The most precious and meaningful part of our lives is our kids. If you have them, you know what I mean. Most of us will do anything for them, but so often they don't realize it. We, parents, will deprive ourselves of certain things without hesitation on order for them to have the best we can afford- clothes, toys, books,etc.
But will it matter a few years from now what brand of shoes my child wore, or what kind of furniture she had in her bedroom? I don't think so. What will matter to her is how many minutes a day I spent talking to her, her only. Asking how her day was not just to say something, but meaning that I really care about what happened to her today, will matter to her . Both the question,"What did you learn at school today?" and the answer," Oh, not much really" are senseless. Find some words only for her/him to let them know how much they are loved and how important they are for you. Don't let your relationship slide down by assuming that now they are old enough to take care of themselves and need only food and clothes. They never stop needing your love and attention no matter how old they are.

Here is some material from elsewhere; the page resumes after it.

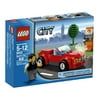 LEGO City Sports Car (8402)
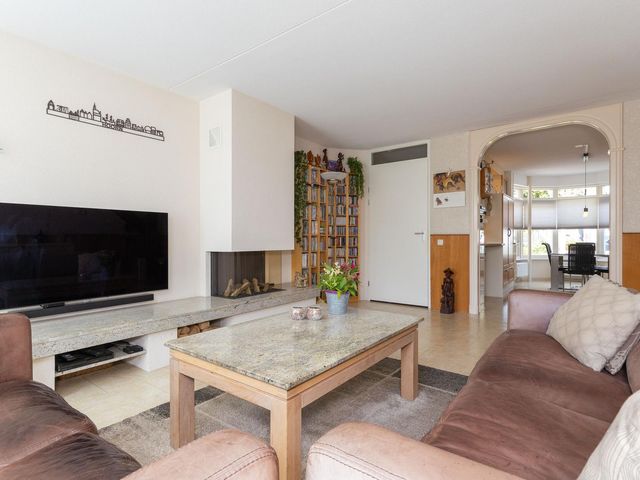 Matissehof 77, Hoorn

I will never believe that when teenagers start using drugs and get involved with the wrong company,it has nothing to do with their parents, and that it's not their fault. Something was overlooked at some point by the parents who were too busy making money and assuming that everything was great since the child was doing well at school and had all he needed.

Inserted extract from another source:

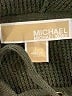 MICHAEL Michael Kors Green Pullover Hoodie Size L - photo 7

Was he getting assurance every day from his parents that he was loved and cared about? Were parents making sure he didn't feel lonely and alienated in his own family because there was too much going on around (morgage, job problems, tension in relationship between parens)?
When I was a child, I could not wait till week-ends, when I could go visit my grandparents and stay overnight with them. My parents were trying so hard to figure out what attracted me to that house so much. Sometimes they were just confused, sometimes aggrivated, because I could never answer their question: why do you always want to be with them on Sundays, not us? I simply didn't know myself at that time. Now I know that there were a lot of reasons. I could talk to my grandparents about whatever was in my mind, and was heard. Not hearing discussions about how to handle limited family budget was another attracting element. Finally, knowing that my grandparents would never remind me that I was overweight made me want to be with them in their small apartment more than anything else.
I know that my parents loved me very much; they just weren't wise enough at that point to know exactly what children wanted: some time spent with them, kids, only.